Add on top of the pain, the stress of being in your final semester of graduate work, putting a theatre production together in two weeks, working 20 hour days for that span. Putting together your thesis debate to defend it. And, having your wisdom teeth removed.

Yes, all of this happened between Jan & April of 2007.

A number of things happened that helped me through this. I had some wonderful friends who supported me. I had family who loved me. I had my own intellectual mind that was able to see the signs of pain & I had the strength to call a counselor while in tears & her kindness of talking with me on the phone for 30 mins for free, scheduling me the next day AM to come into the office. During that 30 min call, she suggested I seek additional help from a Psychiatrist as they may want to put me on a med to help me through it. I was able to get myself an appointment that following Monday into a new doctor that had just opened up her private practice after leaving the University’s hospital. (If any of you know Psychiatrists, you know their schedule is never that open..I was lucky).

I also went for a few appointments to the family counseling center at the University. I think I shocked the Graduate student who was my counselor, as I had quite a story. (What I have revealed is not the full story.)

All of that support around me helped me get over the pain enough that I no longer thought suicide was the answer. But, it wasn’t for another year and a half that I would be fully out of that emotion. It would take me moving in with my parents for 2 months, filing for divorce, moving 900 miles away to Alabama for my new job to get me moving. But, it wasn’t until a few months after my divorce was final did I ever feel free enough to break away from that pain. That was a year ago last March. I went off medication in July of last year. I still struggled with highs and lows, but it was no longer completely based on my past, but now about my future & present, so I had moved forward.
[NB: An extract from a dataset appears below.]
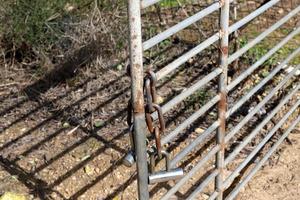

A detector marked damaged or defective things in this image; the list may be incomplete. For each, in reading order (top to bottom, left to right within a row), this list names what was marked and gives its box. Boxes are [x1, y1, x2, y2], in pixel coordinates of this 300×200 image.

rusted pole [127, 0, 149, 199] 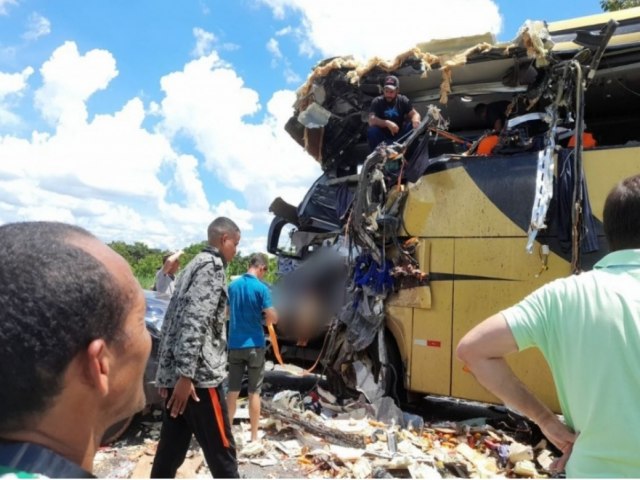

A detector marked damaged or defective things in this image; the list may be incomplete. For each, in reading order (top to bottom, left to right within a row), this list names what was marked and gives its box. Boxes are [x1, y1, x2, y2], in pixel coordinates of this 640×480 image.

What suicide, depression & pain has taught me is that I’m extremely strong, I have the desire, the will and the want to not allow the pain to overtake me. But, most of all, despite having only a few close friends, they are ones that I love with my life. While my relationship life may have forever been hurt as I struggle to trust people, my love of life was not destroyed. I would not let that die within my heart. My heart still longs to be compassionate & I long to love someone greater than myself. For now, that part of my life remains empty, but I know when it’s time, I’ll be ready (I hope). I just hope they are ready to handle what might be within me not only in love, but also in pain. For I know, once I have someone who loves me enough to be willing to comfort my heart, the darkness that hides within me will need some light but the switch is nowhere to be found.